The sinking of HMS HAWKE: One of the greatest single losses of Royal Navy sailors from Ulster with 49 Ulstermen lost to just one U-boat
During the week when the Royal Navy traditionally remembers the Immortal Memory of Admiral Nelson and his final victory at the Battle of Trafalgar in 1805, it is worth pausing to reflect on the centenary of a naval incident that had a significant impact on so many Ulster families, the sinking of HMS Hawke
. One of the greatest single losses of Royal Navy sailors from Ulster, this incident occurred on the 15th October 1914
when the German Submarine U-9 which was patrolling the North Sea came across two British Cruisers HMS Hawke
and her sister ship HMS Theseus
Under the command of German hero Commander Weddigen, U-9 fired on the British ships. This was the same German submarine which had caused the deaths of almost 1500 British seamen only 3 weeks earlier with the torpedoing of the ‘Livebait Squadron’

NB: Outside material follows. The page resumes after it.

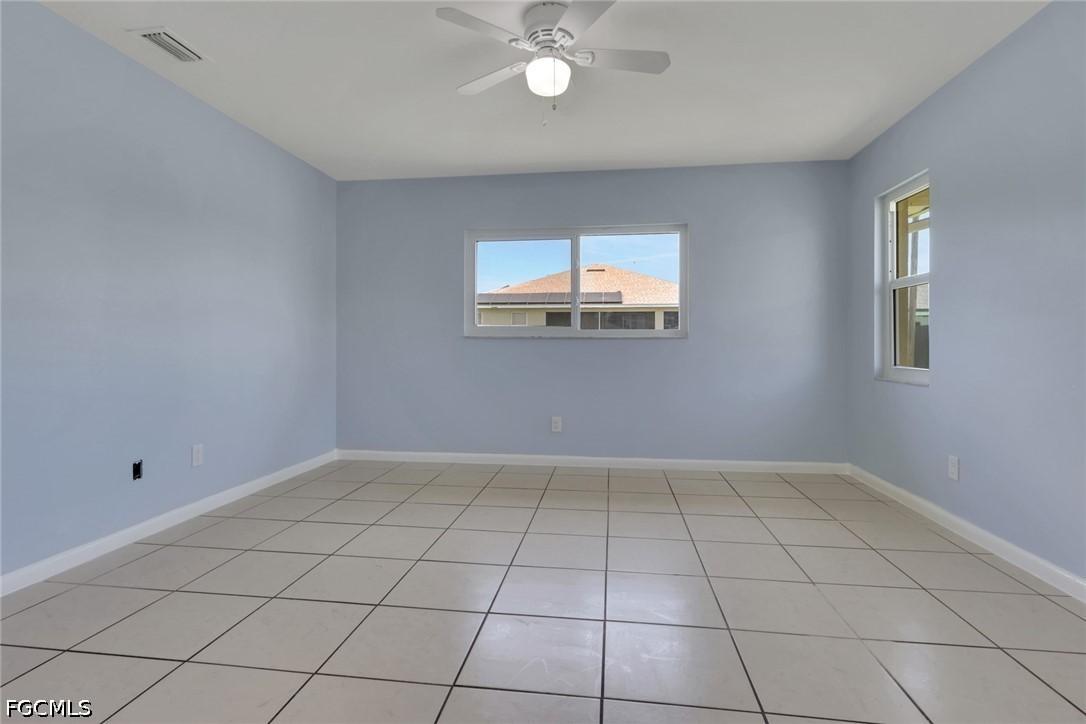 22/ 24 NW 15th Place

. The submarine's first torpedo hit HMS Hawke
, igniting a magazine and causing a tremendous explosion which ripped much of the ship apart. Hawke sank in a few minutes with the loss of her Commander and 523 men. Only 74 men were saved.
Sailors from Ulster lost on Hawke included the tragic loss of three fathers-to-be, leaving pregnant wives to fend for themselves throughout the difficult war years.
-Leading Stoker Joyce Power left young twins and a pregnant wife in Ballymena. His daughter Margaret Hawke Power named after the ship he was killed on.
-Also drowned was Able Seaman Albert Patterson Wilson whose first daughter Frances was born only 4 weeks later on 14 November.
-Mariette Isabella Donald was born at the end of 1914, her father Martie Donald not returning to Carrickfergus to meet his newborn daughter.
-The Gorman siblings from Clifton Park in Belfast lost one brother, Charles on HMS Pathfinder in September only to hear of the death of another brother, Able Seaman James Toland Gorman, only one month later on HMS Hawke.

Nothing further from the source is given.